"Though we do not have all the answers to the question of suffering, God is still in control."
-- Introduction to Job, NIV
When her 11-year-old son died of leukemia, Carol's grief was compounded by her guilt. "If only I'd had more faith," she said, "God would have healed my son."
Carol was the last person responsible for her child's death, but her self-condemnation is not unusual. From the death of a loved one to casualties of accident or war, human nature doesn't tolerate suffering without a cause. If we can't find a reason, we make one up. Often, like Carol, to avoid bitterness or to keep from blaming someone else -- or God -- we assume the guilt ourselves.
If anyone ever suffered without an apparent cause, it was the Biblical character of Job. Prosperous, blameless and beloved, Job was everyone's ideal man, including God's.
The story begins with God praising "my servant Job," and Satan sneering that Job wouldn't be so wonderful if God hadn't blessed him so much. To prove his point, Satan offers God a challenge.
"Stretch out your hand and strike everything he has, and he will surely curse you to your face" (Job 1:11).
"Very well," God says, "everything he has is in your hands, only don't lay a finger on the man himself" (verse 12).
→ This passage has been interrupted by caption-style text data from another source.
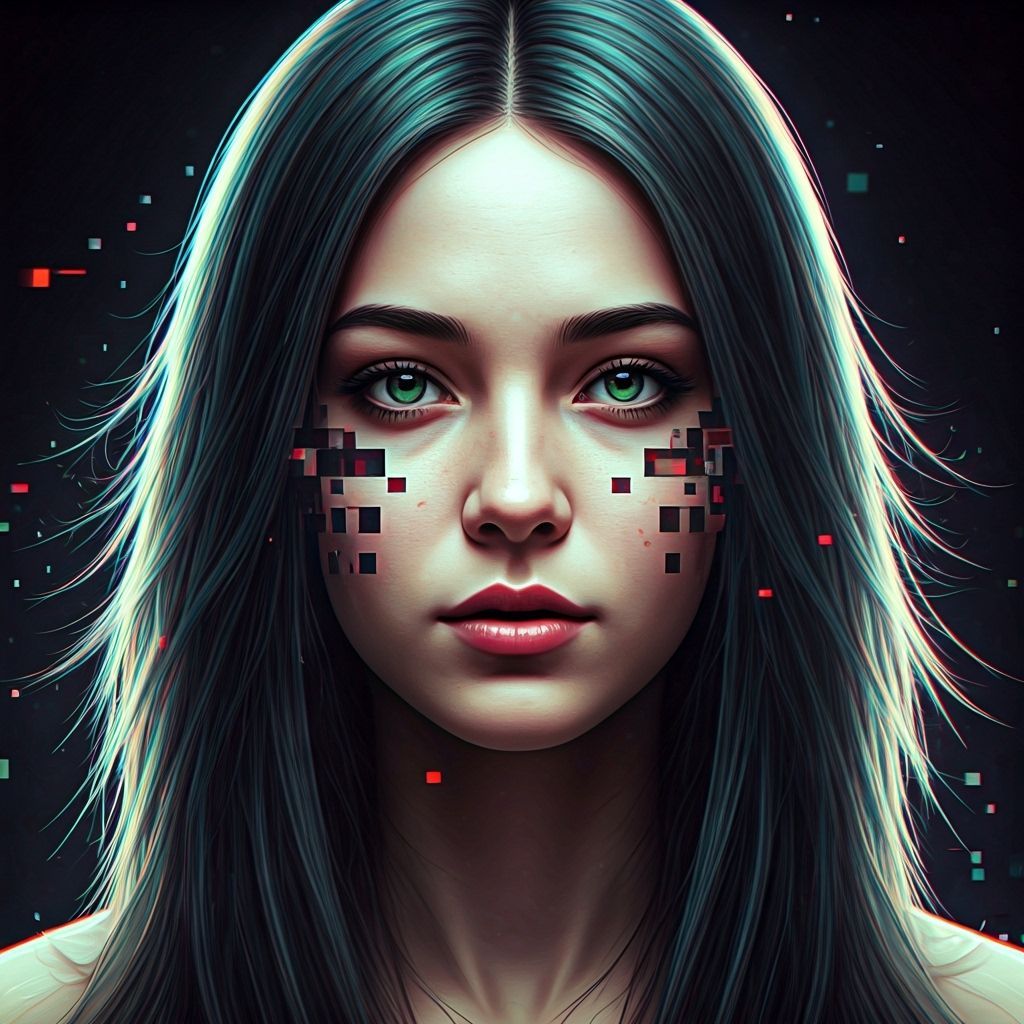 Woman's Face Dissolving into Digital Static: Glitch Art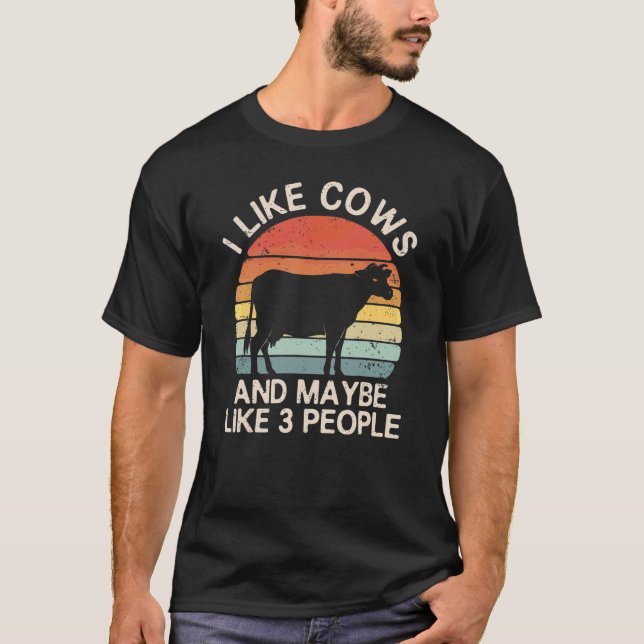 T-shirt J'Aime Les Vaches Et Peut-Être 3 Personnes Vache V (Devant)
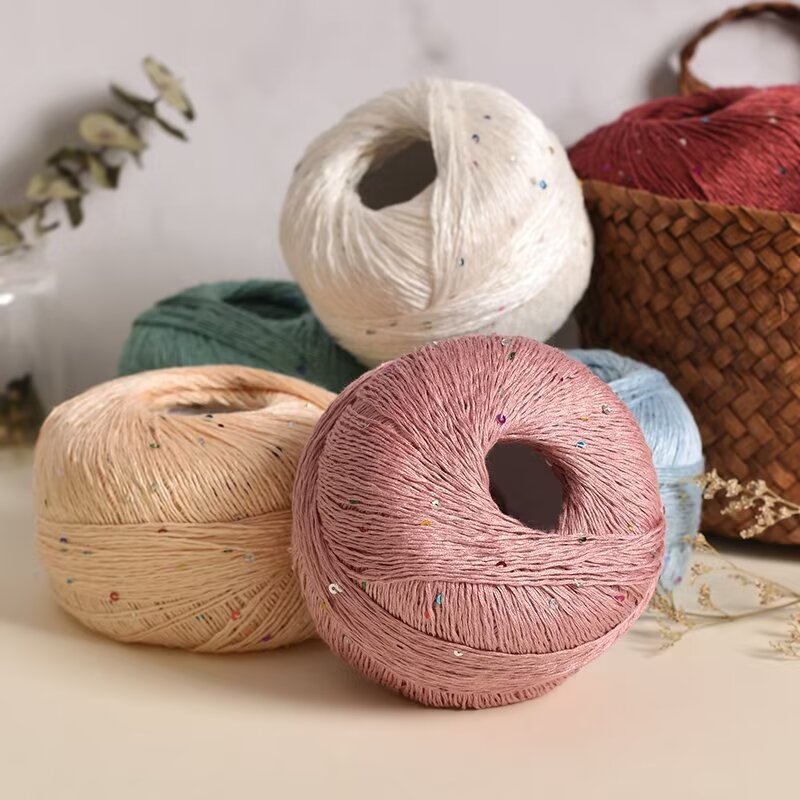 Spring and summer new No. 6 Tence cotton lace sequin thread handmade diy knitting fine wool crochet stick thread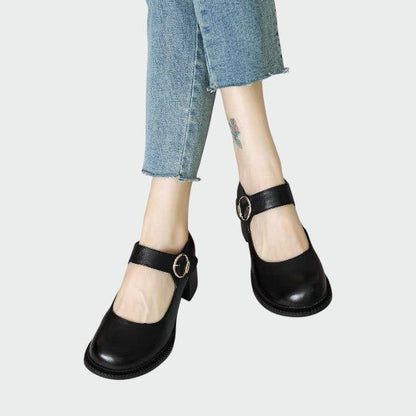 Mia | Elegant Two-Tone Chunky-Heel Women's Shoes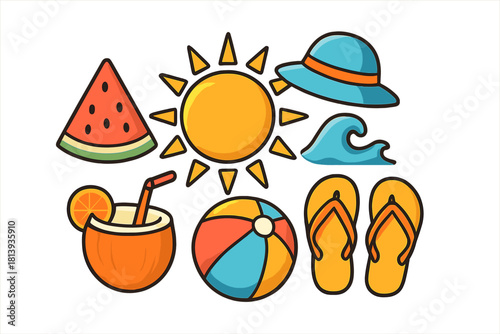 Colorful summer vacation elements set with sun, watermelon, beach hat, and flip-flops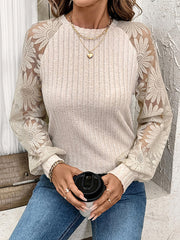 See-Through Split-Joint Long Sleeves Loose Round-Neck T-Shirts Tops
The next day Job's enemies steal all his donkeys, oxen and camels, and kill the servants tending them; fire falls from the sky and consumes his sheep; and a windstorm demolishes the house where his 10 children are gathered, killing them all. But if Satan thought he had won the bet, he was mistaken. Job just falls to his knees and cries, "The Lord gave, and the Lord has taken away; blessed be the name of the Lord" (verse 21).
Undaunted, Satan discounts Job's first test because it only affected what he possessed. "But," he told God, "if you stretch out your hand and strike his flesh and bones he will surely curse you" (2:5). God agrees to the second challenge, too, as long as Satan spares Job's life, and immediately sores appear all over his body. He is in such agony his wife urges him to curse God and die. But Job replies, "Shall we accept good from God and not trouble" (2:9-10)?
Job's friends find him in the ash heap, rubbing pieces of broken pottery across his sores. They came to console, but turn to chiding, convinced he must have done something to bring on such misery. Loss of support from those who should love him most: curse No. 3.
Soon a younger friend arrives with his reasons for Job's predicament. Job may not have sinned already, but God sent the trials so he won't sin. Finally, God appears, discounting all their reasons and reminding them that it's no more possible for a man to understand the answers to life than for him to "lay the earth's foundation... shut the sea behind its doors... give orders to the morning, or show the dawn its place" (chapter 38).
But Job is just a story -- isn't it? A literary masterpiece added to the Bible to entertain its readers? Some scholars think so, but others believe Job was a descendant of Jacob's brother, Esau, and a king in Edom, an area between Egypt and Babylon.
Mystery may surround the Book of Job, but the subject it addresses is eternal: Why does a good God let bad things happen to innocent people?
According to Eerdman's Handbook Of The Bible, the reason Job's friends -- and ours -- keep inventing answers to this question is that human minds always measure justice in human terms. In the end, Job demonstrates the difference between the temporal and the eternal when he exclaims -- and glorious voices sing to this day: "I know that my redeemer lives and that, in my flesh, I shall see God" (19:20).
As Job's story ends, his family, health and prosperity return. Our story may not end this way, at least not in this life. But today Job, and someday those who accept "the ways of God," will inhabit a place where suffering no longer exists. Then, in our painless flesh, we, too, "shall see God."